DATA EXCERPT -
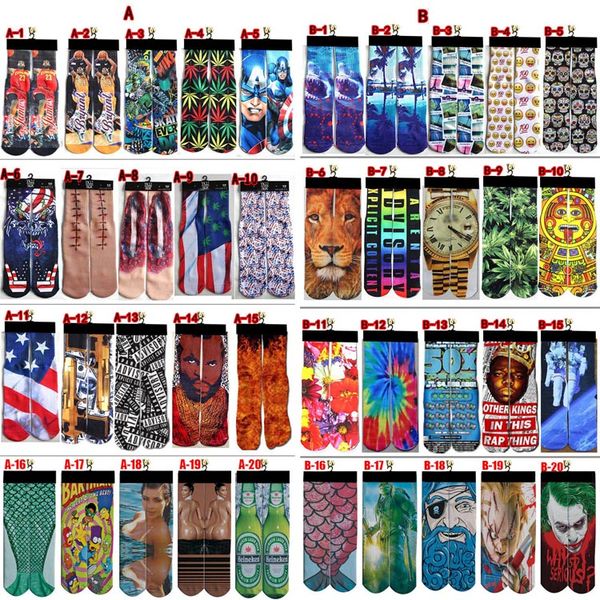 

with paperboard 45 cm 3d printing sports stockings socks men's 3d basketball stocking soft hip-hop long socks, Black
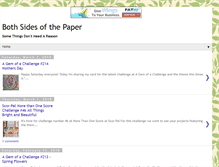 Tablet Screenshot of bothsidesofthepaper.blogspot.com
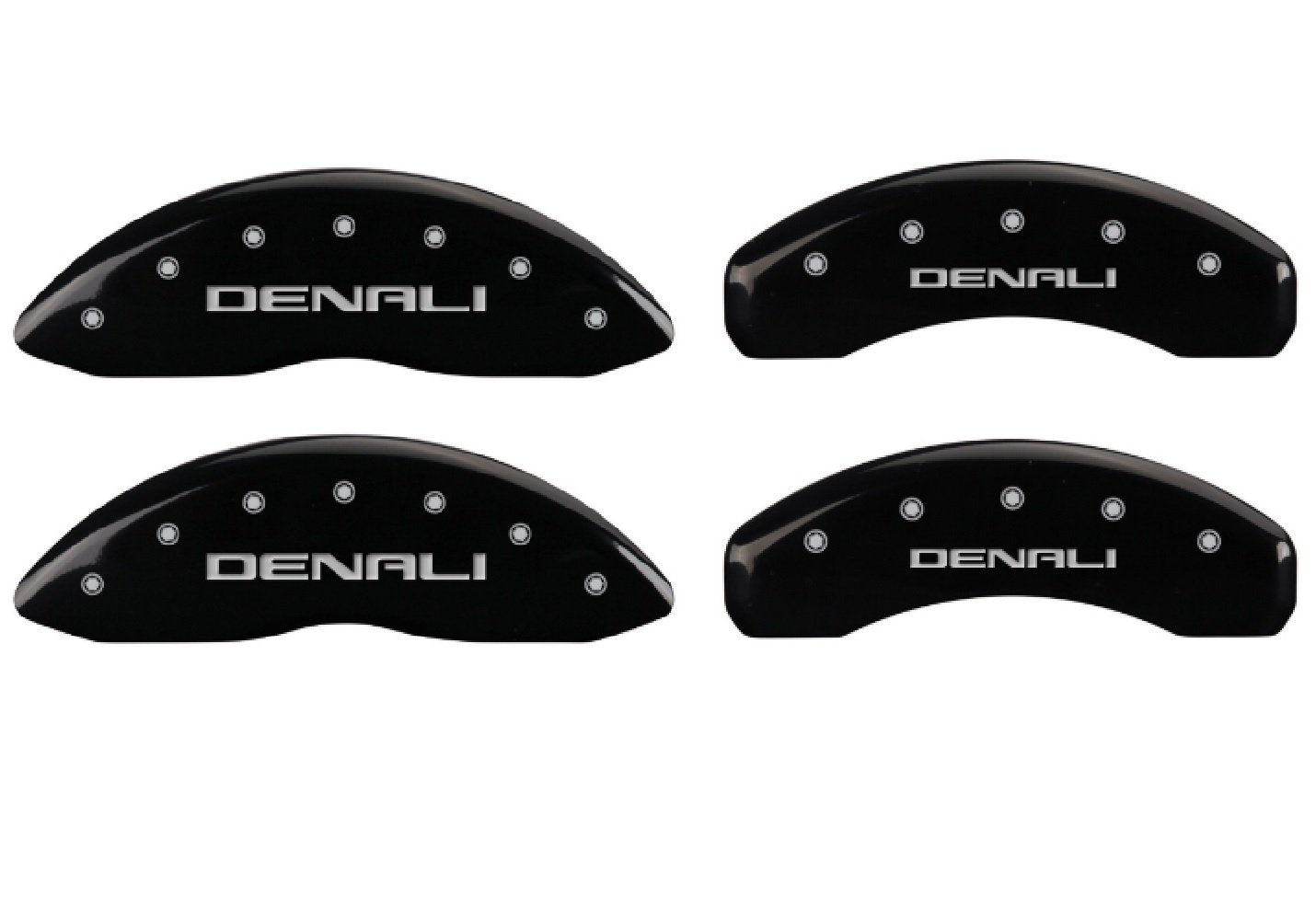 Denali MGP Caliper Covers 34209SDNLBK Black Powder Coat Finish, Silver Characters, Set of 4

WORK ORDER -
The output must match, line for line, the span from the line containing "Tablet Screenshot of" through the end of the data, with the pictures removed.

TASK OUTPUT -
 Tablet Screenshot of bothsidesofthepaper.blogspot.com
 Denali MGP Caliper Covers 34209SDNLBK Black Powder Coat Finish, Silver Characters, Set of 4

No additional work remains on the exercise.